As the religious policy in China tightens, some house churches are forced to relocate. Local officials often threaten the landlords to "get rid of the tenants engaged in illegal activities" lest they themselves face fines or seizure of property, so they would either cancel the lease or raise the rent steeply so a house church could no longer afford it. Many churches have to meet in smaller groups at homes, rather than together in their rented facilities. Let us pray for churches who are debating the very thorny question of whether to register with the authorities in order to worship legally. May the Lord give them peace and faith in these difficult days.
The new religious policy has also deeply affected student ministries on many college campuses in China. There is a lot more pressure from teachers than in the past, and school officials specifically warn students not to attend these small Bible study groups. In general, there has been a drop in attendance. Many young people come to know about Christ for the first time through campus ministries. We pray for boldness and strength for both the leaders and the students. May the Lord reward their dedication and bless them with a good harvest of souls.
Even as the religious policy tightens in China, many believers have shown resilience in dealing with pressure and continue to rely on the Lord. More and more people have realized the importance of discipleship through families and small fellowship groups and sharing the truth orally, instead of relying on books and handouts. We pray that Christian parents will realize that it is the responsibility of parents to rear godly children and not delegate that responsibility to God Himself or to the churches or Sunday schools.
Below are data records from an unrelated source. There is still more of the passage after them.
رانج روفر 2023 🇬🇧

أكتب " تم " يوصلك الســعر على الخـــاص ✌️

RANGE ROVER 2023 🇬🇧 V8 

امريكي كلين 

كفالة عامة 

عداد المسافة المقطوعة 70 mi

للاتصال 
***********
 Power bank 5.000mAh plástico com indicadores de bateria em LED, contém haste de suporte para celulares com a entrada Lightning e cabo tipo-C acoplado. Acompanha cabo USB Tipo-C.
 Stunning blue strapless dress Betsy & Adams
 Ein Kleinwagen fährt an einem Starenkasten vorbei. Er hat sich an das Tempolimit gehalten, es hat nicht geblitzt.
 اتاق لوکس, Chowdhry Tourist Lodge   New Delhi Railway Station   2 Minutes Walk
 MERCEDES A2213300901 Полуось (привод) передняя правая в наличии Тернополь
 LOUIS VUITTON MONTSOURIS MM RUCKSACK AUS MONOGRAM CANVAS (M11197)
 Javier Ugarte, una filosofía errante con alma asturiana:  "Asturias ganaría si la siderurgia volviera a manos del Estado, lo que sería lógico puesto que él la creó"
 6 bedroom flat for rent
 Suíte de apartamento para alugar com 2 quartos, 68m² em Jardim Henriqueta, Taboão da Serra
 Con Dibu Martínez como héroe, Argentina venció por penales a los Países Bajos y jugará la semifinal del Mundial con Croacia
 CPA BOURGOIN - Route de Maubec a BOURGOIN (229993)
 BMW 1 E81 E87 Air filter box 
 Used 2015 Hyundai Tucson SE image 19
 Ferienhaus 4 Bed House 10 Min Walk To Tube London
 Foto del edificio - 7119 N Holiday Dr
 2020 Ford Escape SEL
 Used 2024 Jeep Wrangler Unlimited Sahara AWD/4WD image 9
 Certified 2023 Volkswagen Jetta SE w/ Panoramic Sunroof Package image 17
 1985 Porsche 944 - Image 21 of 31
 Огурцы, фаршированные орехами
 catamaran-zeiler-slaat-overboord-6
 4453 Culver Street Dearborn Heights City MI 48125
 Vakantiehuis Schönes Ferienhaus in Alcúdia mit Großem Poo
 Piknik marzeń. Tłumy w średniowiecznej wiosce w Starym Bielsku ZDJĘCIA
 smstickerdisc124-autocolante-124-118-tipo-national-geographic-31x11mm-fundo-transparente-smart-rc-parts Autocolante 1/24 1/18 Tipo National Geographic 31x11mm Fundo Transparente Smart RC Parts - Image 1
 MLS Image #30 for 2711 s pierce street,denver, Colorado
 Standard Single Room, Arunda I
May there be a revival of family worship in the homes of Chinese believers.
China's divorce laws state that residential property is not regarded as jointly owned and does not need to be divided equally in the event of a divorce. Instead, whoever paid for the apartment or house is the legal owner and gets to keep it in its entirety. The divorce rate in China is rising and in churches too. We pray for more Christian families to bear witness for Christ in this time of high divorce rates and “quick marriage, quick divorce” among the young people. We specifically pray for Christian fathers to wake up and take up their God-given responsibilities for their families.
The law in China now readily grants a divorce if evidence of physical violence, abuse, or abandonment can be proven and interventions have failed. We pray that churches will attempt to provide at least some teaching on preserving marriages. Pastors are often overwhelmed with many ministry demands, and we ask the Lord to raise up mature older believers whom young couples can model and seek for guidance and encouragement.